I am in Banbridge mate

where are you based Mark for detailing work


----------



## [email protected] (Sep 22, 2009)

iam in lurgan but am in banbridge most nights at the weight training club


----------



## Ronnie (Nov 15, 2006)

have to agree A27 is equally as good and does all or specialised work for less expensive work the Body Stop in Portadown do great work on repainting alloys as well if you dont want to go to the same level of expence.


----------



## DD1 (Apr 25, 2011)

[email protected] said:


> iam in lurgan but am in banbridge most nights at the weight training club


Might get you round for a look at my car and a quote some night.
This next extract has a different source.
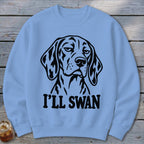 I'll Swan Hound Sweatshirt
do A27 do body work also ?


----------



## Ronnie (Nov 15, 2006)

yep they do bodywork as well. but wheels are now the main business. give David a call and he will sort you out!


----------



## DD1 (Apr 25, 2011)

Thanks Ronnie :thumb:


----------



## tim (May 2, 2006)

http://www.nulukwheels.co.uk/gallery.htm

No where better, I send all my wheels to Jason

Tim


----------



## [email protected] (Sep 22, 2009)

DD1 said:


> Might get you round for a look at my car and a quote some night.
> 
> do A27 do body work also ?


no problem just give me a shout mate :thumb:


----------